Access to this page requires authorization. You can try changing directories.
Window function: returns the value that is offset rows after the current row, and default if there is less than offset rows after the current row. For example, an offset of one will return the next row at any given point in the window partition.
This is equivalent to the LEAD function in SQL.
Syntax
from pyspark.sql import functions as sf
sf.lead(col, offset=1, default=None)
Parameters
| Parameter | Type | Description |
|---|---|---|
col |
pyspark.sql.Column or column name |
Name of column or expression. |
offset |
int, optional | Number of row to extend.
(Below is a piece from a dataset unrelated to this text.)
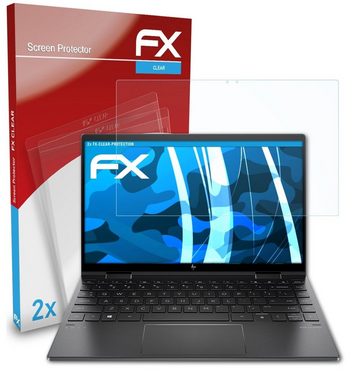 atFoliX Schutzfolie Displayschutz für HP Envy x360 13-ay0779ng, (2 Folien), Ultraklar und hartbeschichtet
Default is 1. |
default |
optional | Default value. |
Returns
pyspark.sql.Column: value after current row based on offset.
Examples
Example 1: Using lead to get next value
from pyspark.sql import functions as sf
from pyspark.sql import Window
df = spark.createDataFrame(
[("a", 1), ("a", 2), ("a", 3), ("b", 8), ("b", 2)], ["c1", "c2"])
df.show()
+---+---+
| c1| c2|
+---+---+
| a| 1|
| a| 2|
| a| 3|
| b| 8|
| b| 2|
+---+---+
w = Window.partitionBy("c1").orderBy("c2")
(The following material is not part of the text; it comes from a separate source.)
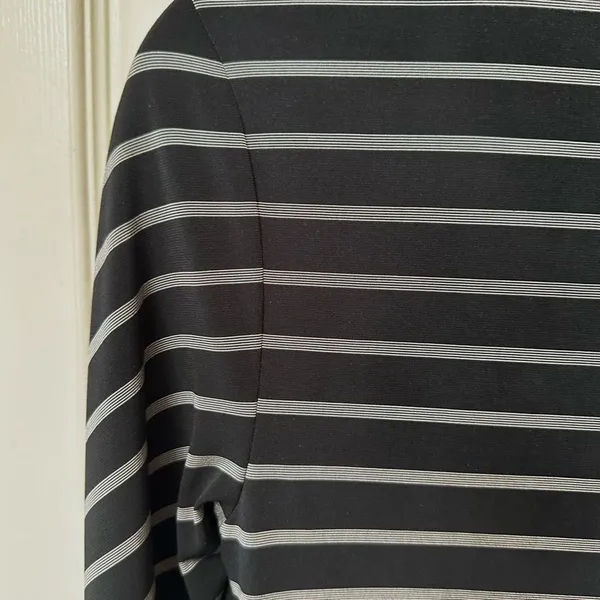 White House black Market black striped shirt - Image 6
df.withColumn("next_value", sf.lead("c2").over(w)).show()
+---+---+----------+
| c1| c2|next_value|
+---+---+----------+
| a| 1| 2|
| a| 2| 3|
| a| 3| NULL|
| b| 2| 8|
| b| 8| NULL|
+---+---+----------+
Example 2: Using lead with a default value
from pyspark.sql import functions as sf
from pyspark.sql import Window
df = spark.createDataFrame(
[("a", 1), ("a", 2), ("a", 3), ("b", 8), ("b", 2)], ["c1", "c2"])
w = Window.partitionBy("c1").orderBy("c2")
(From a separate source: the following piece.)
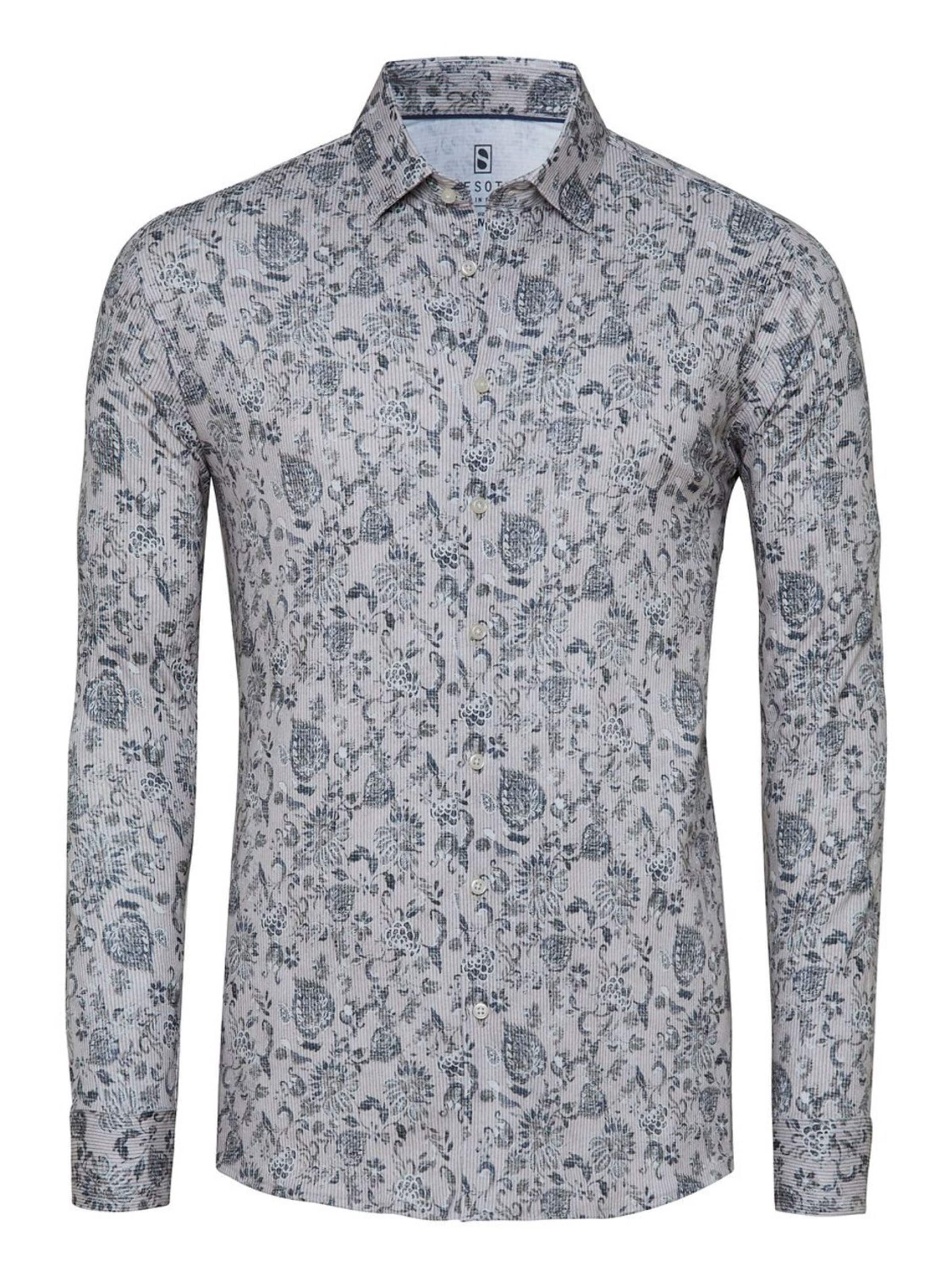 Coupe slim Chemise DESOTO en beige : devant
df.withColumn("next_value", sf.lead("c2", 1, 0).over(w)).show()
+---+---+----------+
| c1| c2|next_value|
+---+---+----------+
| a| 1| 2|
| a| 2| 3|
| a| 3| 0|
| b| 2| 8|
| b| 8| 0|
+---+---+----------+
Example 3: Using lead with an offset of 2
from pyspark.sql import functions as sf
from pyspark.sql import Window
df = spark.createDataFrame(
[("a", 1), ("a", 2), ("a", 3), ("b", 8), ("b", 2)], ["c1", "c2"])
w = Window.partitionBy("c1").orderBy("c2")
df.withColumn("next_value", sf.lead("c2", 2, -1).over(w)).show()
+---+---+----------+
| c1| c2|next_value|
+---+---+----------+
| a| 1| 3|
| a| 2| -1|
| a| 3| -1|
| b| 2| -1|
| b| 8| -1|
+---+---+----------+